■ Goal of the exercise ■
Starting at the line that contains "SCARNAU TIE", reproduce every line through the end of the entries below, with no pictures in the copy.

::::

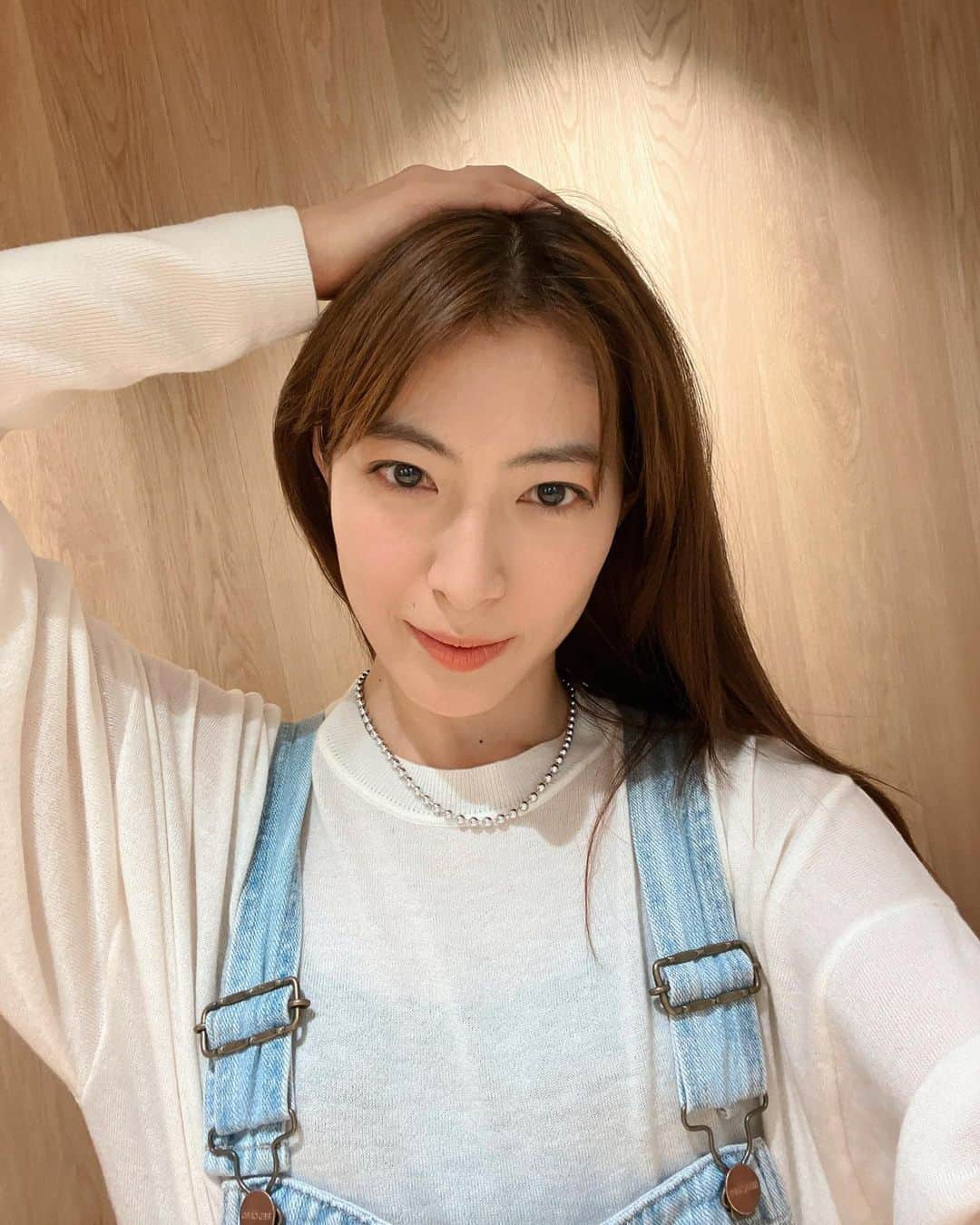 瀧本美織のインスタグラム：「打ち合わせ🤍   #私服」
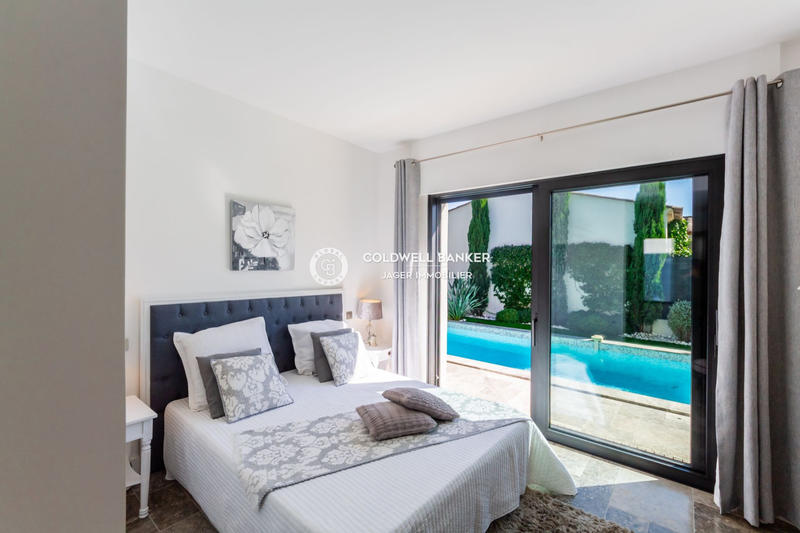 Villa - 180 m² - 5 pièces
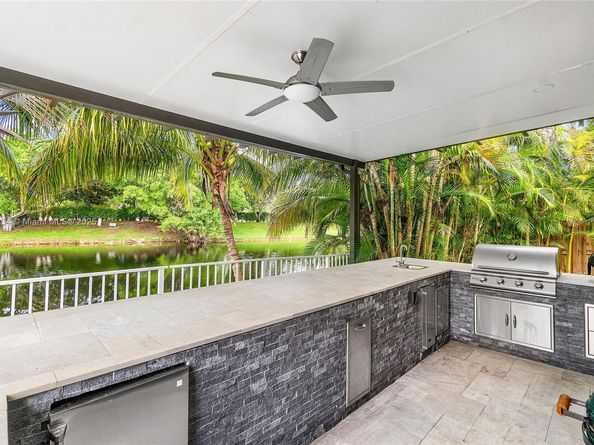 5646 NW 109th Ln, Coral Springs FL 33076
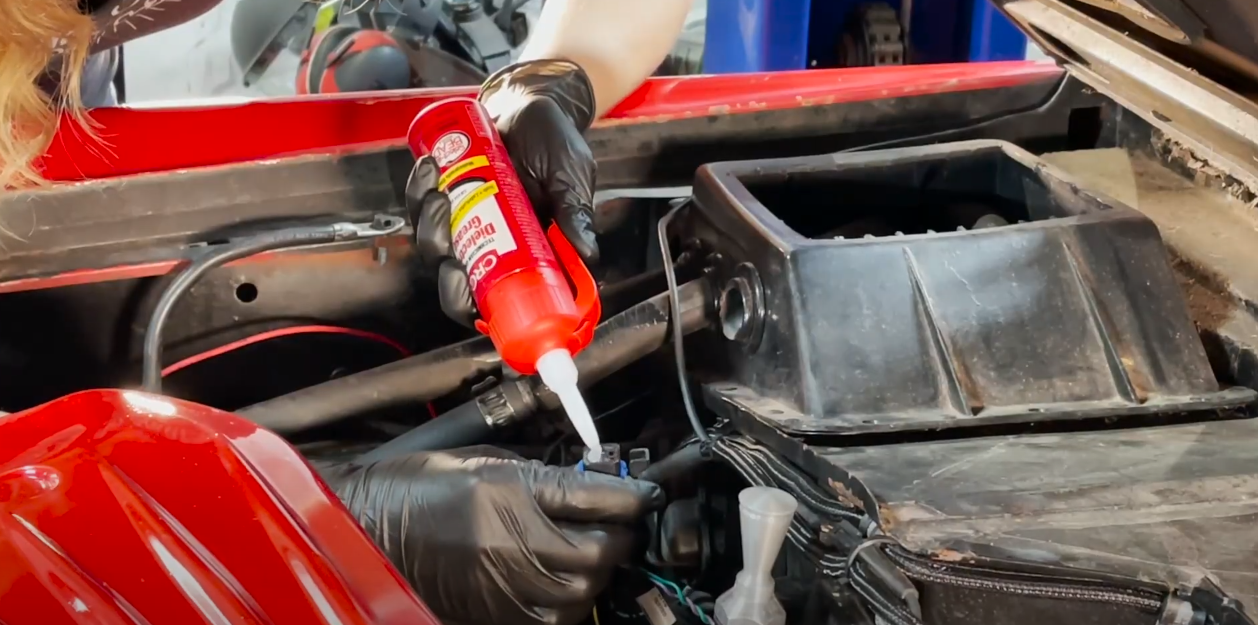 Dielectric Grease Substitute Enhance Electrical Connections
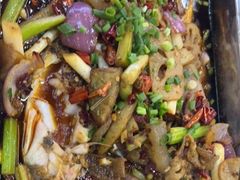 万州烤鱼-金渝海鲜烧烤万州烤鱼店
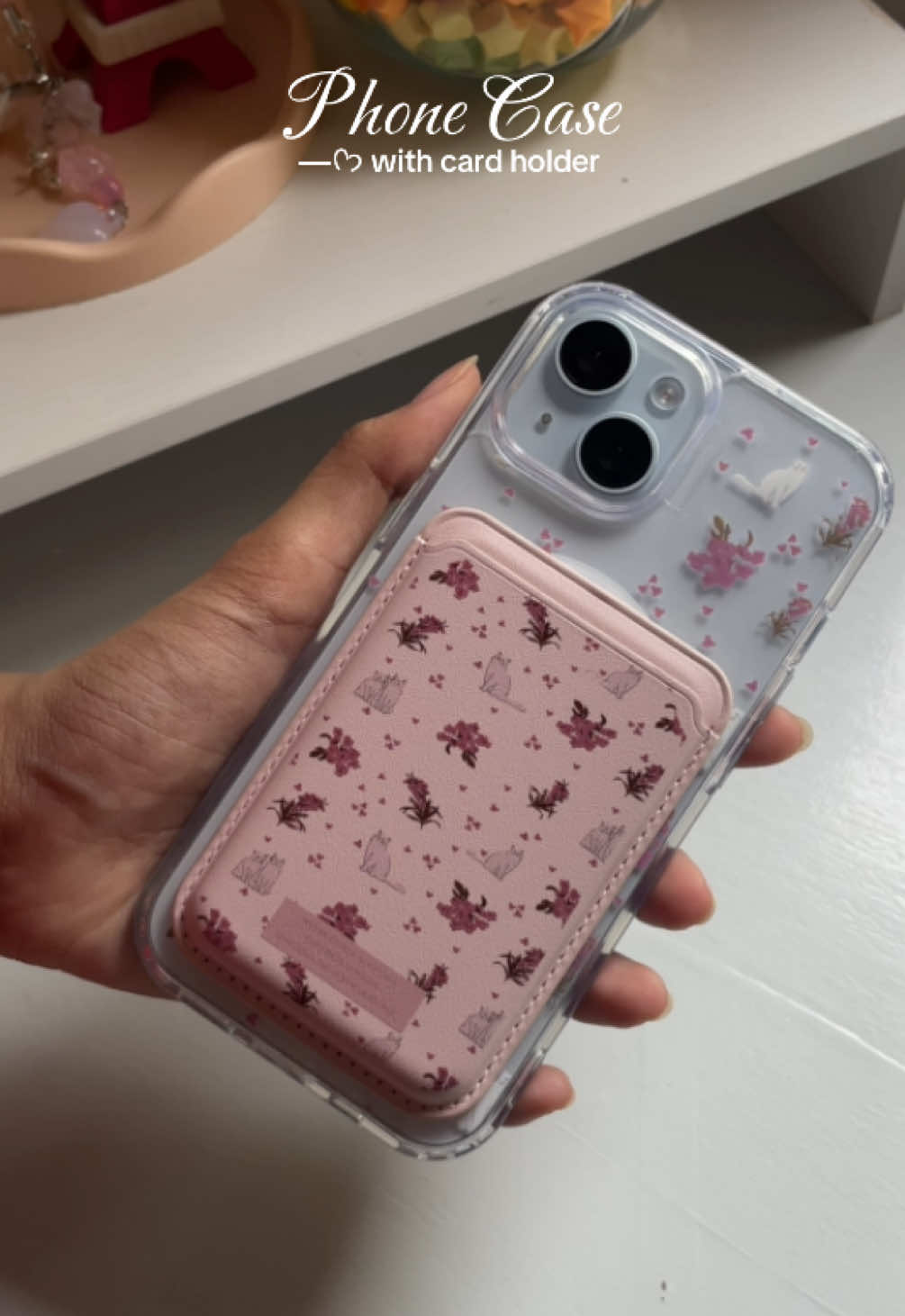 Love the design of this phone case!🫶🏻 #foryoupage #phonecase #cardholder #phonecasewithcardholder #fyppppppppppppppppppppppp 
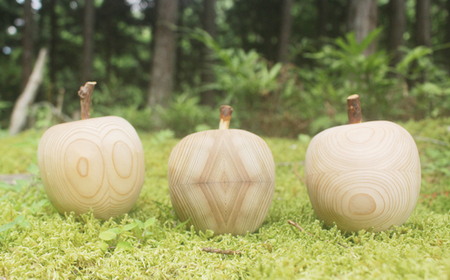 吉野杉　癒しのリンゴ　1個【1421363】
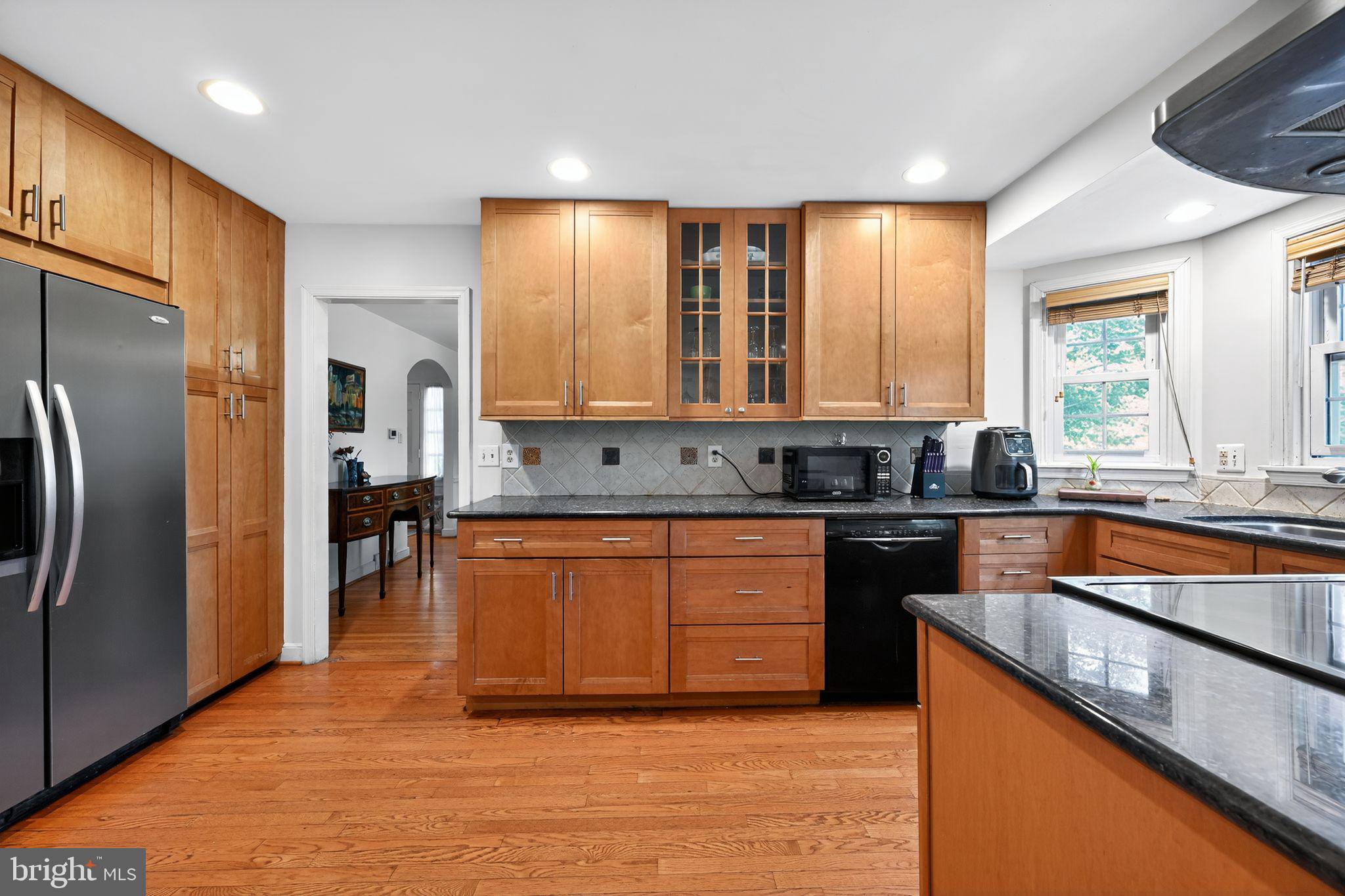 1902 Lambert Road Jenkintown, PA 19046 - Photo 6 of 40 Great counterspace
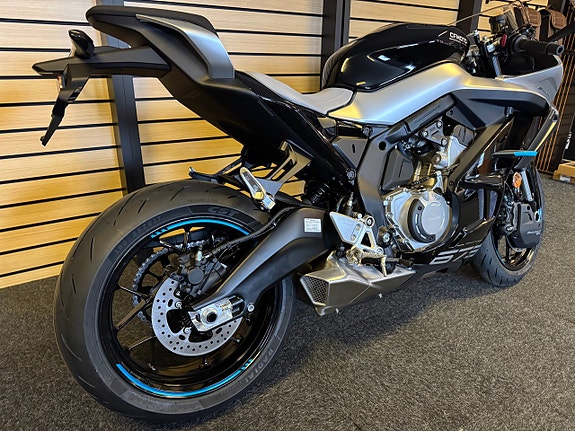 CFMOTO 675SR-R RACING 36-månader RÄNTEFRITT Nebula black-26 11 of 13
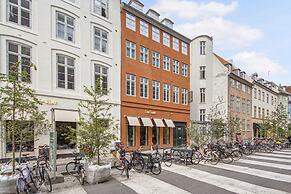 Sanders Regent - Lovely 2-bdr Apt w Terrace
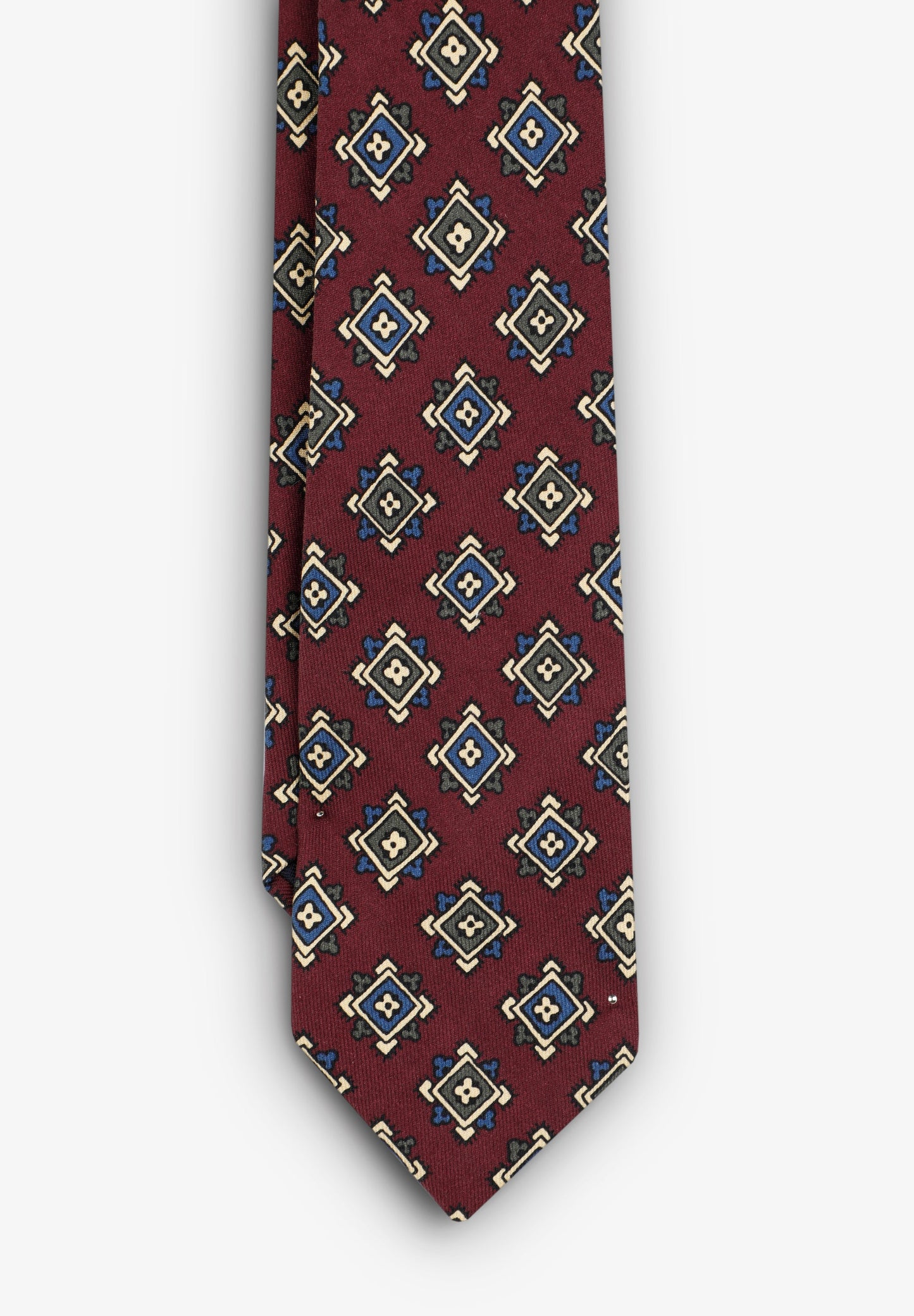 SCARNAU TIE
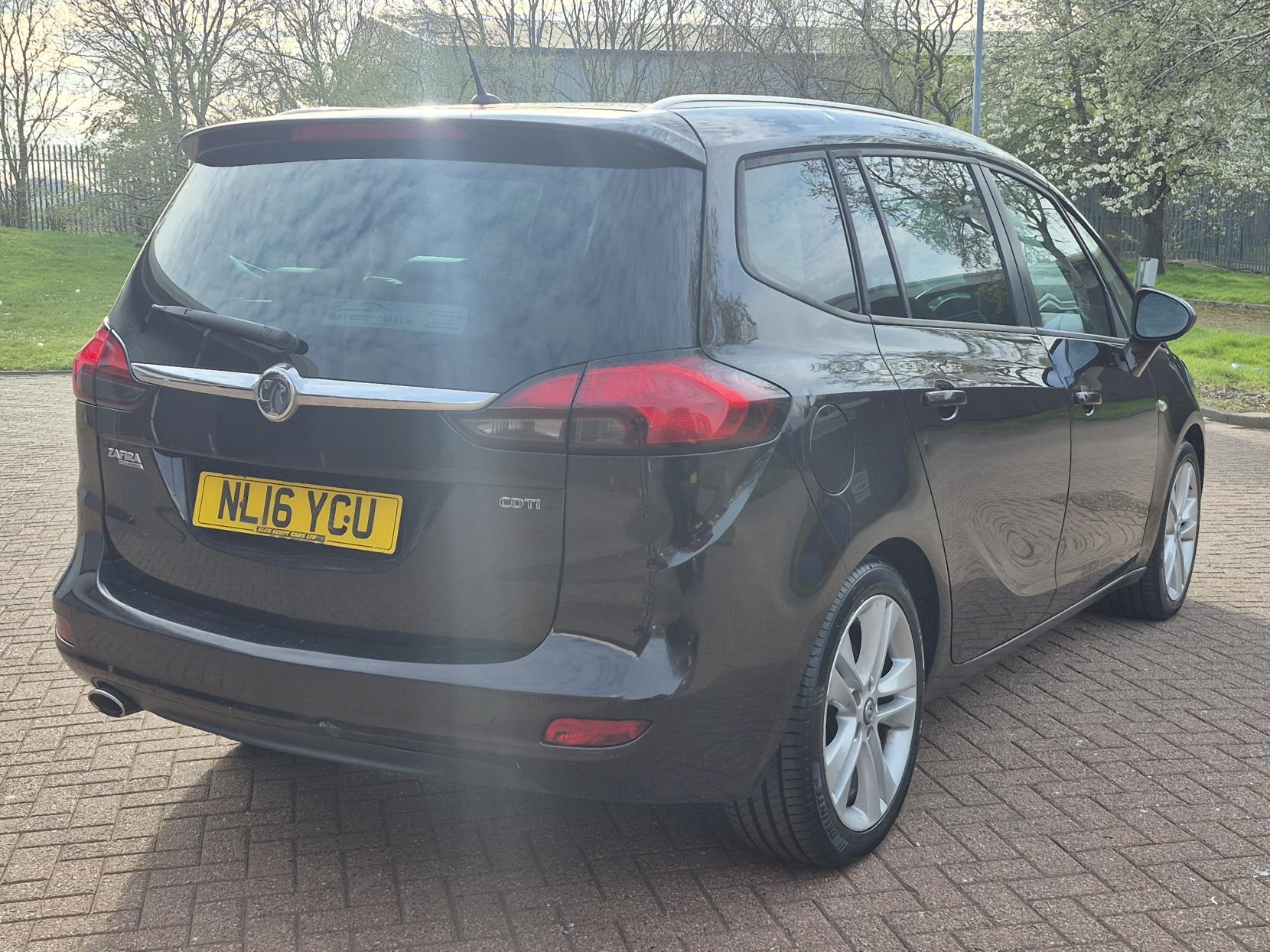 Vauxhall Zafira Tourer 2.0 CDTi SRi MPV 5dr Diesel Manual Euro 6 (s/s) (170 ps)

::::

■ Answer to this exercise ■
 SCARNAU TIE
 Vauxhall Zafira Tourer 2.0 CDTi SRi MPV 5dr Diesel Manual Euro 6 (s/s) (170 ps)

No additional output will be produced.